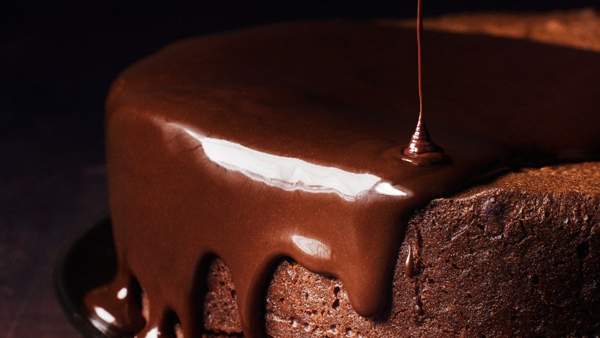 Простой торт из шоколадных конфет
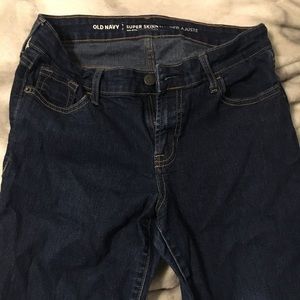 Old navy dark wash, mid rise skinny jeans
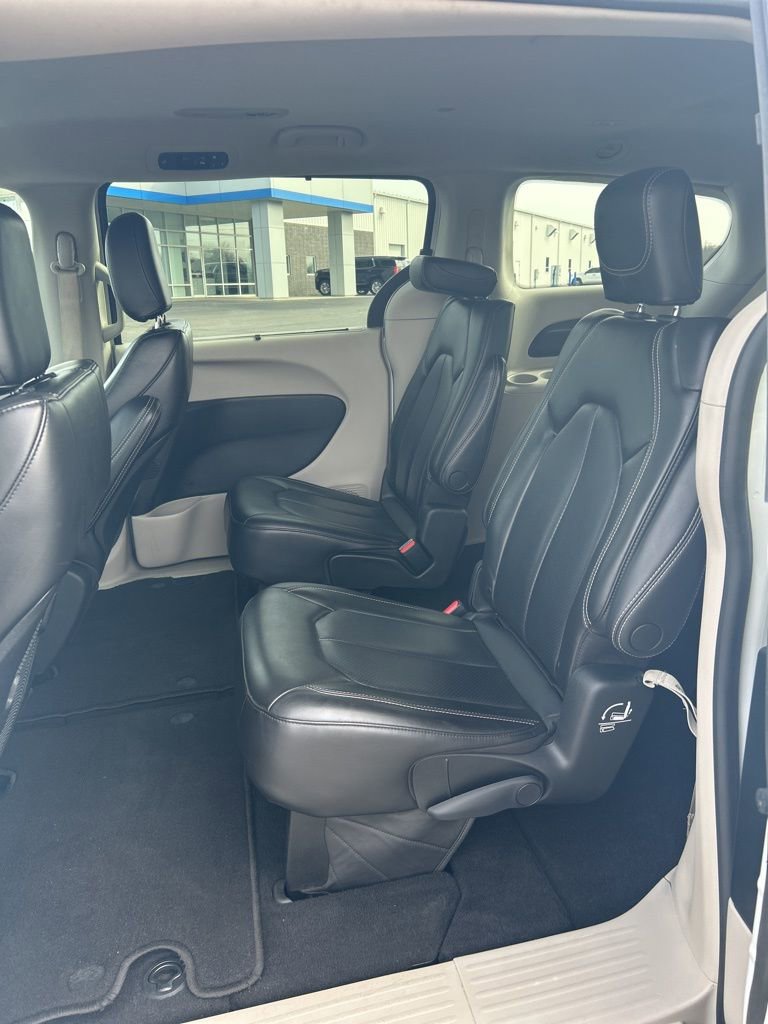 Used 2023 Chrysler Pacifica Touring-L image 50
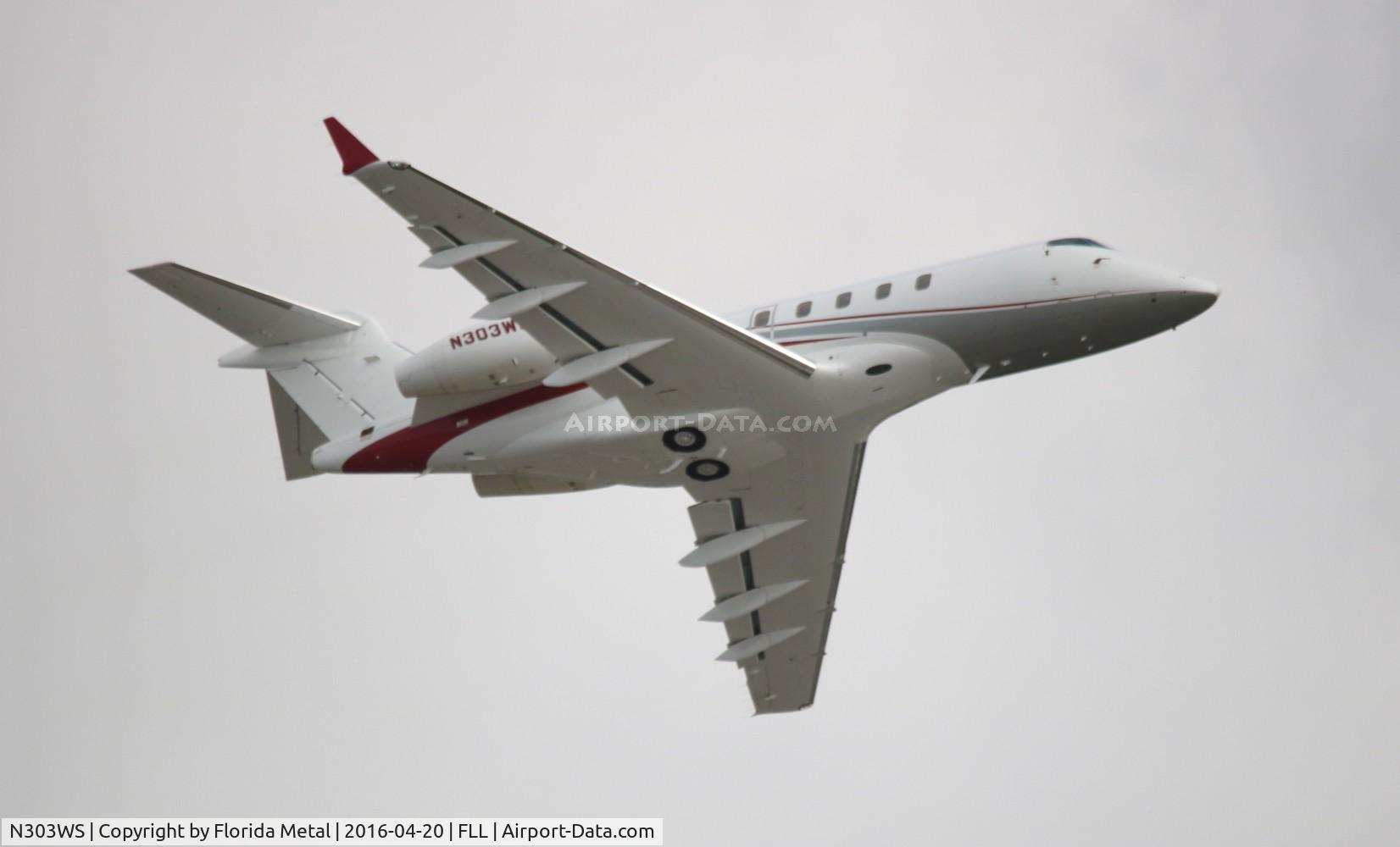 N303WS, 2005 Bombardier Challenger 300 (BD-100-1A10) C/N 20045, Challenger 300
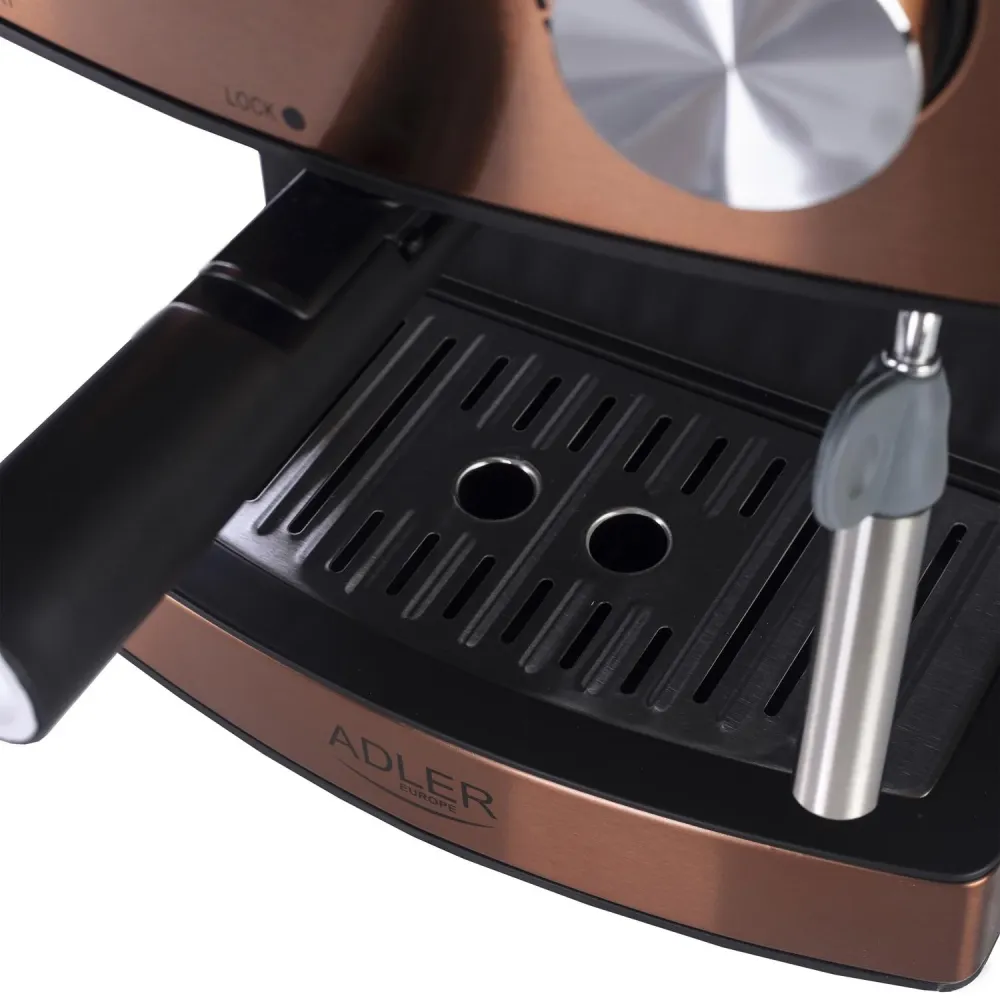 Adler espressomaskin, 15 bar, 850W, mjölkskummare, AD4404cr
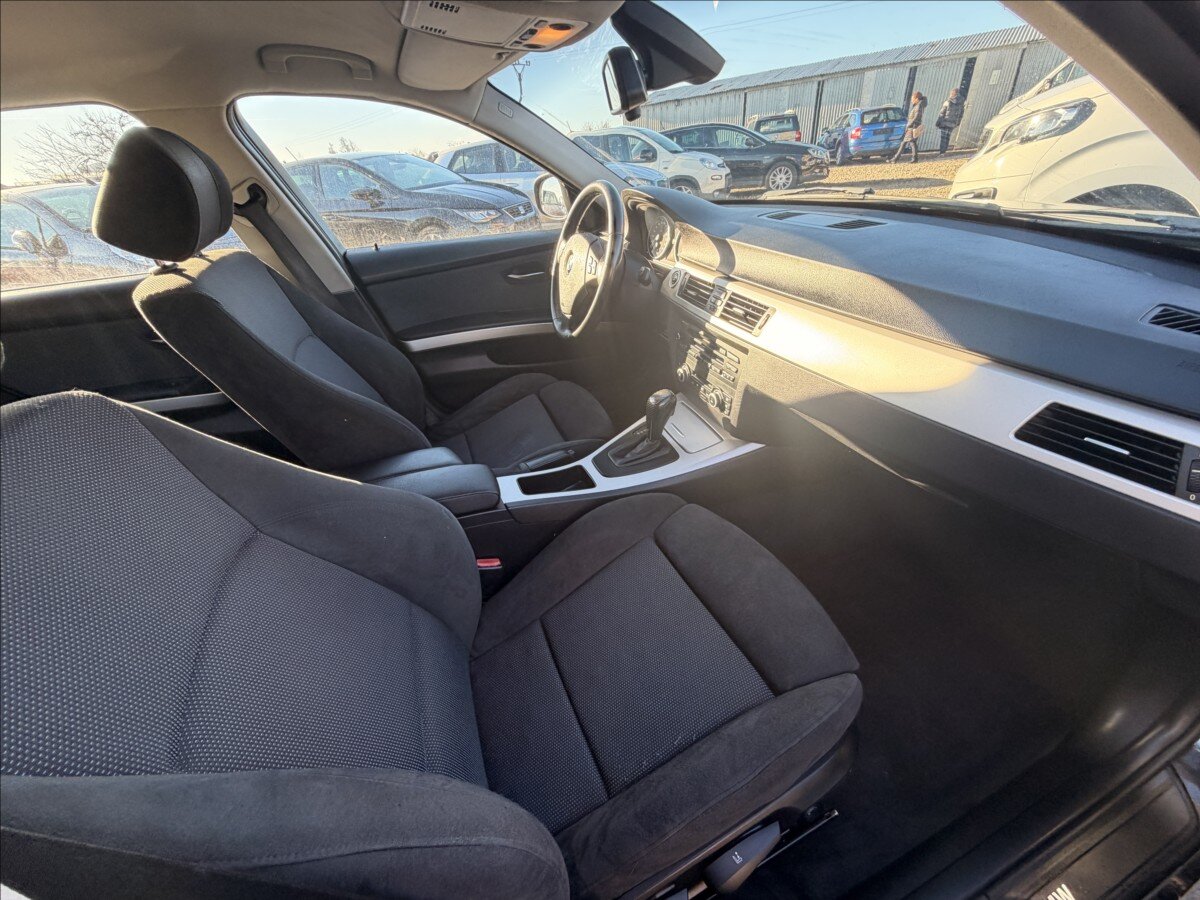 BMW Řada 3 Kombi 2,0 l 105 kw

- _WORK ORDER_
All of the data must be set down exactly, with no pictures included.

- _EXERCISE SOLUTION_
 Простой торт из шоколадных конфет
 Old navy dark wash, mid rise skinny jeans
 Used 2023 Chrysler Pacifica Touring-L image 50
 N303WS, 2005 Bombardier Challenger 300 (BD-100-1A10) C/N 20045, Challenger 300
 Adler espressomaskin, 15 bar, 850W, mjölkskummare, AD4404cr
 BMW Řada 3 Kombi 2,0 l 105 kw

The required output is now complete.